4.1. He also relied upon the decision in the case of Viswanathan Constructions (P) Ltd. Vs. CCE, 2016 (45) STR (Tri. Chennai), Revenue contended that the parties were not registered during the material period. But it was held by the Chennai Bench that Revenue’s contention that the parties were not registered at the material period is not the valid reason. And where the input services have been utilized by the appellant in providing output service and in absence of any contrary finding, there cannot be denial of CENVAT credit of the Service Tax paid on input service. Registration is mere technical formality to bring the taxpayer to the fold of law without curtailment of the right of the taxpayer to be subject to other provisions of law which grants benefit.

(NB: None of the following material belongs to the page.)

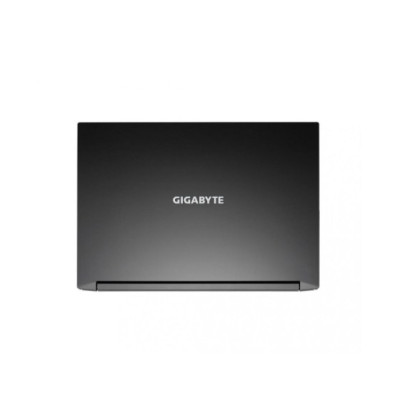 Gigabyte G5 KC-5RU1130SH Black (G5_KC-5RU1130SH)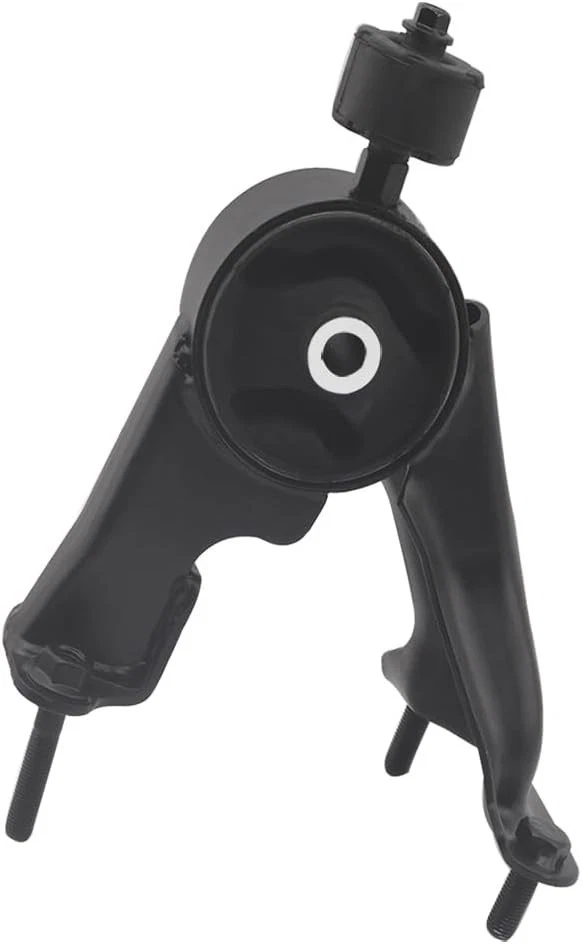 Soportes de motor automotriz compatibles con Corolla 2014-2019 1,8 L automático Foto 4 de 4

4.2. He further submitted that in the Order-in-Original, the issue of Rule 9(bb) was set aside and upheld the disallowance of credit on the ground that those two suppliers issued the invoice prior to their registration but the First Appellate Authority dismissed the appeal on the ground that supplementary invoices issued under Rule 9(bb) are not the proper document to avail the credit. The Order-in-Appeal is beyond the contention in the SCN as well as Order-in-Original and hence liable to be set aside.

5. On the other hand, the Ld. AR defended the impugned order.

6. After considering the submissions of both the parties and perusal of the material on record, I find that the impugned order is contrary to the SCN as well as the Order-in-Original because in the Order-in-Original, the issue of Rule 9(bb) was set aside whereas the Commissioner (A) has relied upon Rule 9(bb) and denied the credit which is beyond the SCN. Further, the provision of supplementary invoice is not applicable in the present case because in the present case, only invoices were issued and not the supplementary invoices. Further, I find that in view of the decision of the Karnataka High Court in the case of mPortal India Wireless Solutions Pvt. Ltd. Vs. CST, Bangalore, 2012 (27) STR 134 (Kar.) = 2011-TIOL-928-HC-KAR-ST wherein in it was held that-

“7. Insofar as requirement of registration with the department as a condition precedent for claiming CENVAT credit is concerned, learned counsel appearing for both parties was unable to point out any provision in the CENVAT Credit Rules which impose such restriction. In the absence of a statutory provision which prescribes that registration is mandatory and that if such a registration is not made the assessee is not entitled to the benefit of refund, the three authorities committed a serious error in rejecting the claim for refund on the ground which is not existence in law. Therefore, said finding recorded by the Tribunal as well as by the lower authorities cannot be sustained. Accordingly, it is set aside.”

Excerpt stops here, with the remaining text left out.